If I made myself clear when it comes to deal-breakers, you should understand what deal-makers are. See them as “bonuses” cause when dating someone, you will get to know gradually more about their world and her/his personality or true self will begin to show up.

Just like with the non-negotiables, in order to be efficient, make a list and select the 3 most essential deal-breakers and deal-makers. All 3 should help you navigate in the dating game with a clearer vision as well as getting involved in better and healthier relationships.

Why does it matter?

“If you fail to plan, you are planning to fail!” ~ Benjamin Franklin

Romantic relationships have been too romanticized through media and movies, believing in finding the “one”, love at first sight and living happily ever after is cute when you are a child, but keeping it as a blueprint or relationship goals when you are in capacity of having a child is problematic.

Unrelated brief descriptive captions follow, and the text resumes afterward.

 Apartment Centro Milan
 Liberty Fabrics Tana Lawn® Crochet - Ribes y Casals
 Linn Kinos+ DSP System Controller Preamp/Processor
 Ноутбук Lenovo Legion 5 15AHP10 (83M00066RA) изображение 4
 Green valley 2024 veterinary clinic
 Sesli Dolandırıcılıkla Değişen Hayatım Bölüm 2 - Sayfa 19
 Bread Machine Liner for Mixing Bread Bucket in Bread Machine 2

Thus, the need to have such tools in mind to improve our decision-making, Dr. Helen Fisher indirectly explains it in this video (4:40) where she argues that love shuts down decision-making parts of our brains.

We usually say we do not choose our family but we can choose our potential partners to create one. Having these 3 pre-requisites in mind, take a good moment to ask yourself: “what are my 3 non-negotiables, 3 deal-breakers and 3 deal-makers? “. Your future self will surely be grateful for it.